• **Aim of the exercise**
From the first line to the last, return the material exactly.

• **Data provided**
|---|

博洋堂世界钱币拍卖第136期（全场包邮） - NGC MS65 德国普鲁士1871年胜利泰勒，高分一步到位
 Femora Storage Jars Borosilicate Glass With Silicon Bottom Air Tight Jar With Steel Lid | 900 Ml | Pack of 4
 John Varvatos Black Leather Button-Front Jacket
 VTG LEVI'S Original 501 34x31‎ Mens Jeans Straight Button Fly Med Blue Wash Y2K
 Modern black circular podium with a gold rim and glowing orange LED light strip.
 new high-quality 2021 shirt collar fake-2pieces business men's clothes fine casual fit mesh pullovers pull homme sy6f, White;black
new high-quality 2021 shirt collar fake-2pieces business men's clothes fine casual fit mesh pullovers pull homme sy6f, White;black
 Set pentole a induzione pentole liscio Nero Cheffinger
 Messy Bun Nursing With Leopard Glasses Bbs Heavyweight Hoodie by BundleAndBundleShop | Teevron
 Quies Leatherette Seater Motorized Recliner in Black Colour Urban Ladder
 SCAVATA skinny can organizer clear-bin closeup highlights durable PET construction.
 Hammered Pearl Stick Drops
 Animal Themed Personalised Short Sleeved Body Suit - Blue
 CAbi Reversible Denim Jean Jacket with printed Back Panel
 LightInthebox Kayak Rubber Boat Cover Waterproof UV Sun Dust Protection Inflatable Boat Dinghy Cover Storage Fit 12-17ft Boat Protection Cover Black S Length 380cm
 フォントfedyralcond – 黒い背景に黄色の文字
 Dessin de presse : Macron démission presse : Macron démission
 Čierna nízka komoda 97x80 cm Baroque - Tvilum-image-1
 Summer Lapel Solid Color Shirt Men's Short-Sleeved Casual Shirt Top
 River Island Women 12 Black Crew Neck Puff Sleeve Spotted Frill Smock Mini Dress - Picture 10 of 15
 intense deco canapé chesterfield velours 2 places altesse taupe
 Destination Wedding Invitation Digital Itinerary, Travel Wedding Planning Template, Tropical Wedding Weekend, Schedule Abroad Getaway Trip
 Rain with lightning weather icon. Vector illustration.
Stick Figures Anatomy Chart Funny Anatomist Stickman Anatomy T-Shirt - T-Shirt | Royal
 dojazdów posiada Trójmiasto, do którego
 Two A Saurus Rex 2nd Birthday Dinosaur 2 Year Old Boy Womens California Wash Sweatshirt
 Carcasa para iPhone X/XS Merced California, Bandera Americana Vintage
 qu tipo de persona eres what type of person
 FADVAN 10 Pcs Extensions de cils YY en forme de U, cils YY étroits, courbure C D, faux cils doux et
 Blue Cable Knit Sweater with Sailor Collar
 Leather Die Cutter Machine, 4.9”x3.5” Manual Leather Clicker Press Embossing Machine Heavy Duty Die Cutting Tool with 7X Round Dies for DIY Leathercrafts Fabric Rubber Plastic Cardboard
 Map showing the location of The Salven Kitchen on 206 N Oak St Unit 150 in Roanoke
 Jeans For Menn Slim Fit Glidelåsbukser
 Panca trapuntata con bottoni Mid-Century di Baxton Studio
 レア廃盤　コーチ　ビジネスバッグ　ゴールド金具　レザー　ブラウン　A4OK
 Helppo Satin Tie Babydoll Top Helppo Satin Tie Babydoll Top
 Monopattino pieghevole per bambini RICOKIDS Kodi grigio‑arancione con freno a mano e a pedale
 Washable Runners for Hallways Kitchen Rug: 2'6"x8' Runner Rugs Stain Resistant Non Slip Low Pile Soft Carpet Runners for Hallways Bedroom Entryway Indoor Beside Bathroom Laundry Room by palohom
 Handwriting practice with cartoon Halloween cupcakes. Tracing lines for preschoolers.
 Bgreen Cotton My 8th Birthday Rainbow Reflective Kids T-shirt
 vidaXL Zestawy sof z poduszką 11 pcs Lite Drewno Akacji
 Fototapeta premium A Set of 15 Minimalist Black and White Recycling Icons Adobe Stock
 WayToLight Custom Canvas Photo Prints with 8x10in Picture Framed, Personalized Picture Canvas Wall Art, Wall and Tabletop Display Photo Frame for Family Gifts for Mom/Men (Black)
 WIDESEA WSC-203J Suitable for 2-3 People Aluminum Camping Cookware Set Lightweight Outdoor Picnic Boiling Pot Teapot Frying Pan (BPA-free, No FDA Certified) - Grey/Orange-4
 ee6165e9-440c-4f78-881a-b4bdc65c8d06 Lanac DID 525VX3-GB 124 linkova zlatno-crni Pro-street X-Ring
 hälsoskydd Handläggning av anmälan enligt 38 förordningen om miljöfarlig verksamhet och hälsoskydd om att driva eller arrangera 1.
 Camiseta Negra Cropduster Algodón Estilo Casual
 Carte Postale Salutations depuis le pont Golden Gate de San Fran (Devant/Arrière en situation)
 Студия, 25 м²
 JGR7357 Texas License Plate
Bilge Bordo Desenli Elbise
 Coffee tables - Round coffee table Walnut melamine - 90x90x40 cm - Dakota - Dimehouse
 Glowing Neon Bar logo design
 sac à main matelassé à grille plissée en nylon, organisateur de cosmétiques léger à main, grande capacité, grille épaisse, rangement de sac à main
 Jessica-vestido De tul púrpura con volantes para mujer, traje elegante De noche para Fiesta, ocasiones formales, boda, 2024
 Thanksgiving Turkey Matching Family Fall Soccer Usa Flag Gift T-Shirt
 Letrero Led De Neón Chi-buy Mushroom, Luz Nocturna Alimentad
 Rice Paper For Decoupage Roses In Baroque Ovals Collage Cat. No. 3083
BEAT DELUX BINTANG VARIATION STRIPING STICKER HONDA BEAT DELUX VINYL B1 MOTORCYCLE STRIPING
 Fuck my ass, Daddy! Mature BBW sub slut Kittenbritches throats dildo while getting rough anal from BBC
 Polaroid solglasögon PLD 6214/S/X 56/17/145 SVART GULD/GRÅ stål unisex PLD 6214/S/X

|---|

• **Result of the exercise**
博洋堂世界钱币拍卖第136期（全场包邮） - NGC MS65 德国普鲁士1871年胜利泰勒，高分一步到位
 Femora Storage Jars Borosilicate Glass With Silicon Bottom Air Tight Jar With Steel Lid | 900 Ml | Pack of 4
 John Varvatos Black Leather Button-Front Jacket
 VTG LEVI'S Original 501 34x31‎ Mens Jeans Straight Button Fly Med Blue Wash Y2K
 Modern black circular podium with a gold rim and glowing orange LED light strip.
 new high-quality 2021 shirt collar fake-2pieces business men's clothes fine casual fit mesh pullovers pull homme sy6f, White;black
new high-quality 2021 shirt collar fake-2pieces business men's clothes fine casual fit mesh pullovers pull homme sy6f, White;black
 Set pentole a induzione pentole liscio Nero Cheffinger
 Messy Bun Nursing With Leopard Glasses Bbs Heavyweight Hoodie by BundleAndBundleShop | Teevron
 Quies Leatherette Seater Motorized Recliner in Black Colour Urban Ladder
 SCAVATA skinny can organizer clear-bin closeup highlights durable PET construction.
 Hammered Pearl Stick Drops
 Animal Themed Personalised Short Sleeved Body Suit - Blue
 CAbi Reversible Denim Jean Jacket with printed Back Panel
 LightInthebox Kayak Rubber Boat Cover Waterproof UV Sun Dust Protection Inflatable Boat Dinghy Cover Storage Fit 12-17ft Boat Protection Cover Black S Length 380cm
 フォントfedyralcond – 黒い背景に黄色の文字
 Dessin de presse : Macron démission presse : Macron démission
 Čierna nízka komoda 97x80 cm Baroque - Tvilum-image-1
 Summer Lapel Solid Color Shirt Men's Short-Sleeved Casual Shirt Top
 River Island Women 12 Black Crew Neck Puff Sleeve Spotted Frill Smock Mini Dress - Picture 10 of 15
 intense deco canapé chesterfield velours 2 places altesse taupe
 Destination Wedding Invitation Digital Itinerary, Travel Wedding Planning Template, Tropical Wedding Weekend, Schedule Abroad Getaway Trip
 Rain with lightning weather icon. Vector illustration.
Stick Figures Anatomy Chart Funny Anatomist Stickman Anatomy T-Shirt - T-Shirt | Royal
 dojazdów posiada Trójmiasto, do którego
 Two A Saurus Rex 2nd Birthday Dinosaur 2 Year Old Boy Womens California Wash Sweatshirt
 Carcasa para iPhone X/XS Merced California, Bandera Americana Vintage
 qu tipo de persona eres what type of person
 FADVAN 10 Pcs Extensions de cils YY en forme de U, cils YY étroits, courbure C D, faux cils doux et
 Blue Cable Knit Sweater with Sailor Collar
 Leather Die Cutter Machine, 4.9”x3.5” Manual Leather Clicker Press Embossing Machine Heavy Duty Die Cutting Tool with 7X Round Dies for DIY Leathercrafts Fabric Rubber Plastic Cardboard
 Map showing the location of The Salven Kitchen on 206 N Oak St Unit 150 in Roanoke
 Jeans For Menn Slim Fit Glidelåsbukser
 Panca trapuntata con bottoni Mid-Century di Baxton Studio
 レア廃盤　コーチ　ビジネスバッグ　ゴールド金具　レザー　ブラウン　A4OK
 Helppo Satin Tie Babydoll Top Helppo Satin Tie Babydoll Top
 Monopattino pieghevole per bambini RICOKIDS Kodi grigio‑arancione con freno a mano e a pedale
 Washable Runners for Hallways Kitchen Rug: 2'6"x8' Runner Rugs Stain Resistant Non Slip Low Pile Soft Carpet Runners for Hallways Bedroom Entryway Indoor Beside Bathroom Laundry Room by palohom
 Handwriting practice with cartoon Halloween cupcakes. Tracing lines for preschoolers.
 Bgreen Cotton My 8th Birthday Rainbow Reflective Kids T-shirt
 vidaXL Zestawy sof z poduszką 11 pcs Lite Drewno Akacji
 Fototapeta premium A Set of 15 Minimalist Black and White Recycling Icons Adobe Stock
 WayToLight Custom Canvas Photo Prints with 8x10in Picture Framed, Personalized Picture Canvas Wall Art, Wall and Tabletop Display Photo Frame for Family Gifts for Mom/Men (Black)
 WIDESEA WSC-203J Suitable for 2-3 People Aluminum Camping Cookware Set Lightweight Outdoor Picnic Boiling Pot Teapot Frying Pan (BPA-free, No FDA Certified) - Grey/Orange-4
 ee6165e9-440c-4f78-881a-b4bdc65c8d06 Lanac DID 525VX3-GB 124 linkova zlatno-crni Pro-street X-Ring
 hälsoskydd Handläggning av anmälan enligt 38 förordningen om miljöfarlig verksamhet och hälsoskydd om att driva eller arrangera 1.
 Camiseta Negra Cropduster Algodón Estilo Casual
 Carte Postale Salutations depuis le pont Golden Gate de San Fran (Devant/Arrière en situation)
 Студия, 25 м²
 JGR7357 Texas License Plate
Bilge Bordo Desenli Elbise
 Coffee tables - Round coffee table Walnut melamine - 90x90x40 cm - Dakota - Dimehouse
 Glowing Neon Bar logo design
 sac à main matelassé à grille plissée en nylon, organisateur de cosmétiques léger à main, grande capacité, grille épaisse, rangement de sac à main
 Jessica-vestido De tul púrpura con volantes para mujer, traje elegante De noche para Fiesta, ocasiones formales, boda, 2024
 Thanksgiving Turkey Matching Family Fall Soccer Usa Flag Gift T-Shirt
 Letrero Led De Neón Chi-buy Mushroom, Luz Nocturna Alimentad
 Rice Paper For Decoupage Roses In Baroque Ovals Collage Cat. No. 3083
BEAT DELUX BINTANG VARIATION STRIPING STICKER HONDA BEAT DELUX VINYL B1 MOTORCYCLE STRIPING
 Fuck my ass, Daddy! Mature BBW sub slut Kittenbritches throats dildo while getting rough anal from BBC
 Polaroid solglasögon PLD 6214/S/X 56/17/145 SVART GULD/GRÅ stål unisex PLD 6214/S/X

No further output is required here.